## [TASK TO CARRY OUT]
Leave out every picture, and output exactly the lines from the line containing "The best way" through the last line of the data.

(Saved entries)
↓
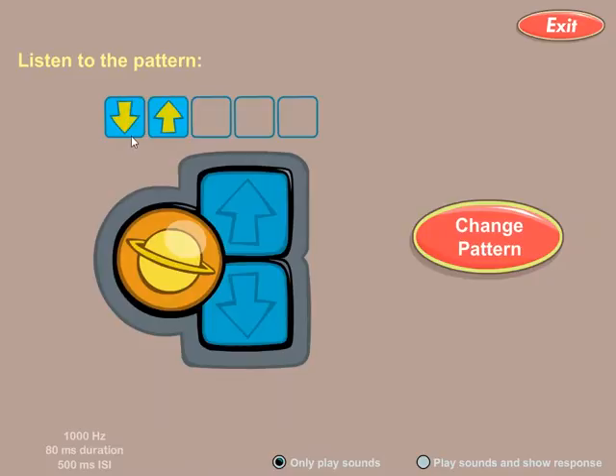Right now I'm going to listen to: whoop, weep, or down-up. Click on the planet to just have a listen — I can listen as many times as I like. If I hear that, I'll click 'down-up'. I can click on 'change pattern' to change it to a different pattern, so I can listen to all the different types of sounds I might hear.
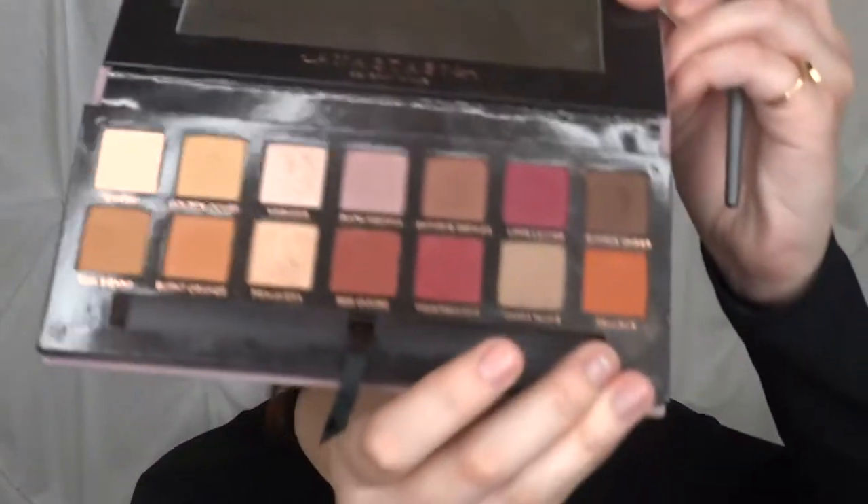I'm just going to set down my transition real quick. I'm going to use the shade Warm Taupe to set my transition, using my Anastasia double-ended brush that it came with.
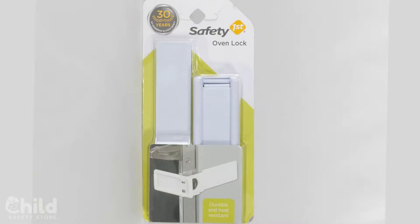This oven lock is by Safety First. Whether or not you're cooking, whether or not the oven is even on, your oven can be a potential cause for harm to your kid. Once they're energetic and strong enough to be running around the house, they're likely able to pull on the oven door. When the oven is not in use, there is a danger that when they pull on the door it can fall and hit them.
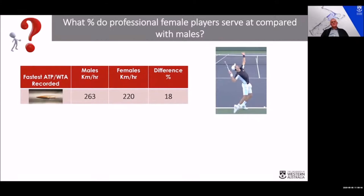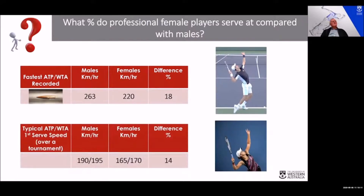Let's look at male versus female — always an interesting question. If you look at the fastest serve recorded on the ATP or WTA circuits, you can see the two numbers in kilometres per hour, and the difference between the two is about 18 percent. Looking at a typical Grand Slam — I've taken the Australian Open data — males are typically in the 190–195 km/h range, and females are about 165–170 km/h. There are females who serve at higher velocities than some males, but generally the difference is about 14 percent.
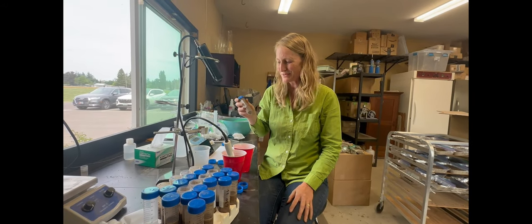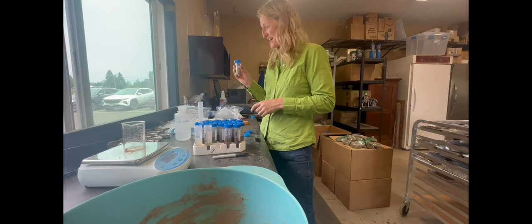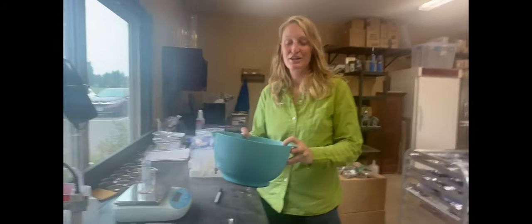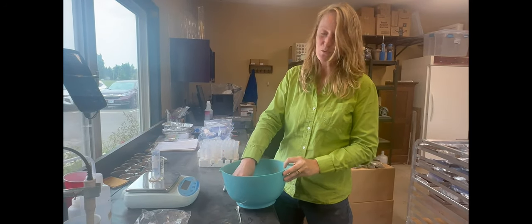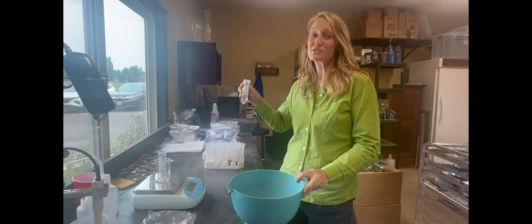We are taking a pH sample. We have the water and the soil added to our tubes, put a lid on it, give it three good shakes. One of the things that soil scientists always do when assessing a soil is use all of their senses — we feel things, we smell things, and we also taste them.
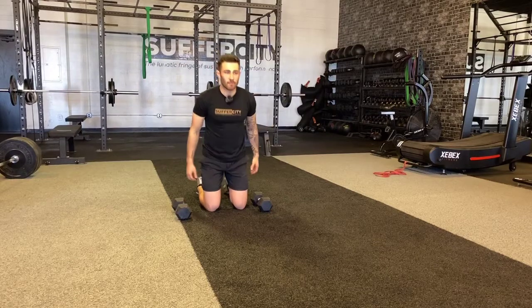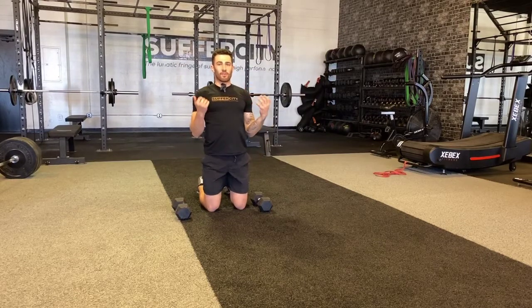Being in a kneeling position here is going to keep me from swinging my body a lot while doing these bicep curls.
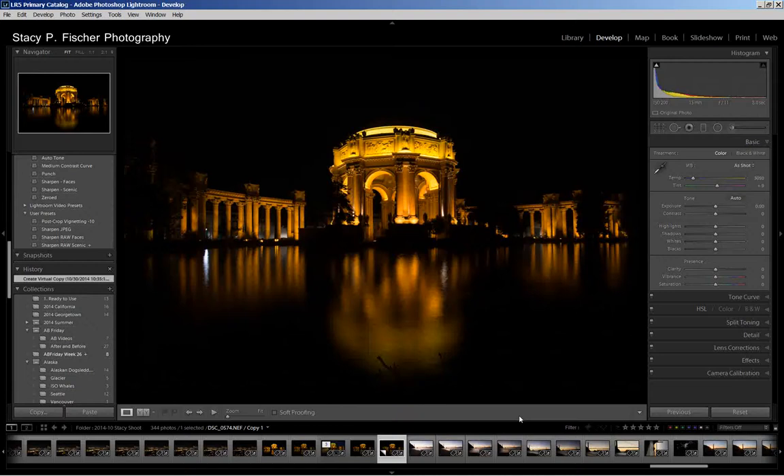Hello and welcome to After Before Friday, week number 24. The shot I'm working on this week is one that I took on my recent trip to San Francisco. This is the Palace of Fine Arts. It was taken at about 6:30 in the morning on a sunrise photo shoot with a phenomenal photographer by the name of Doc Miles.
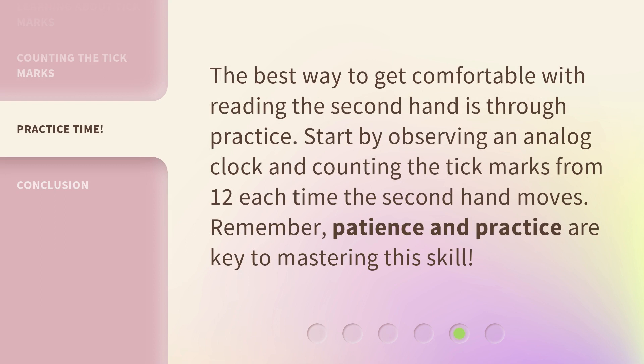The best way to get comfortable with reading the second hand is through practice. Start by observing an analog clock and counting the tick marks from 12 each time the second hand moves. Remember, patience and practice are key to mastering this skill.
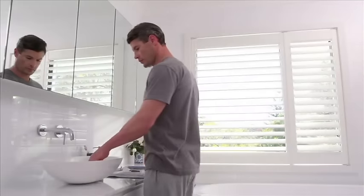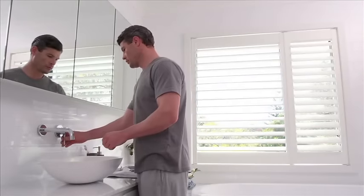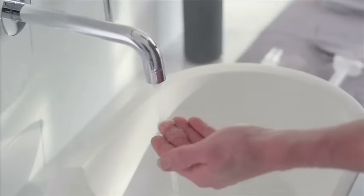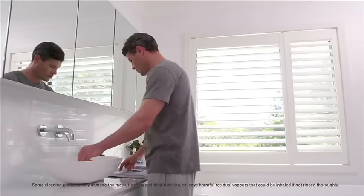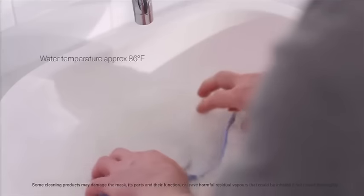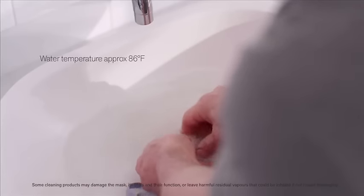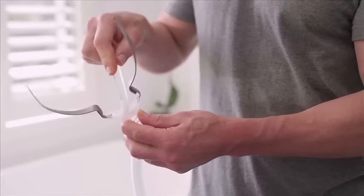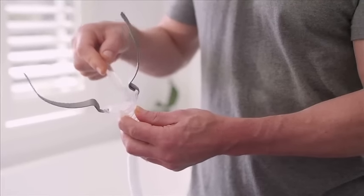Always follow cleaning instructions to maintain the performance and safety of your mask. Hand wash the pillows and frame with tubing daily by rubbing in warm, soapy water using mild soap. To keep the vent clean, use a soft, bristled brush daily.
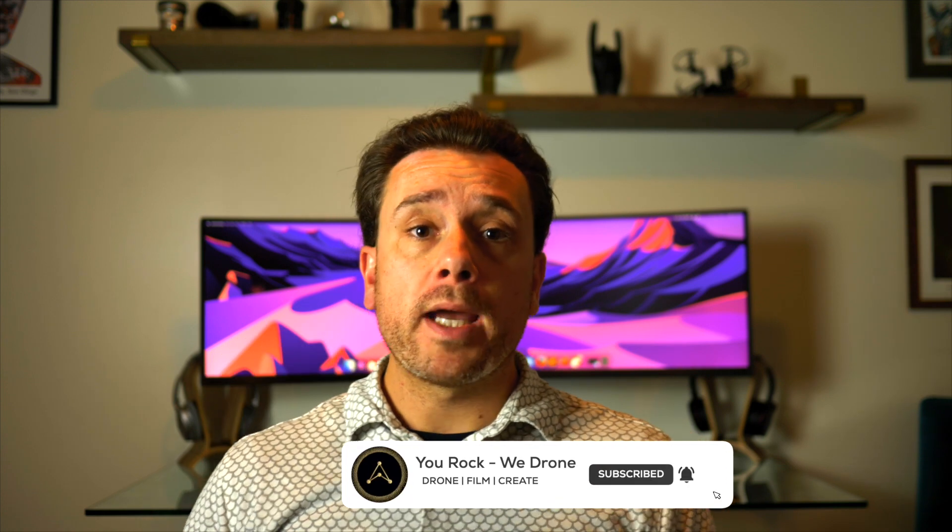By the way, if you find this useful so far, consider supporting the channel by clicking the little red button down below. I make new videos about all sorts of drone-related stuff every single week — whether that's product reviews, tutorials, how-to's, or just epic drone videos. So if you like this kind of stuff, click the subscribe button and the little bell icon so YouTube will tell you when I make a new video.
↑
## [SOLUTION TO THIS TASK]
The best way to get comfortable with reading the second hand is through practice. Start by observing an analog clock and counting the tick marks from 12 each time the second hand moves. Remember, patience and practice are key to mastering this skill.
Always follow cleaning instructions to maintain the performance and safety of your mask. Hand wash the pillows and frame with tubing daily by rubbing in warm, soapy water using mild soap. To keep the vent clean, use a soft, bristled brush daily.
By the way, if you find this useful so far, consider supporting the channel by clicking the little red button down below. I make new videos about all sorts of drone-related stuff every single week — whether that's product reviews, tutorials, how-to's, or just epic drone videos. So if you like this kind of stuff, click the subscribe button and the little bell icon so YouTube will tell you when I make a new video.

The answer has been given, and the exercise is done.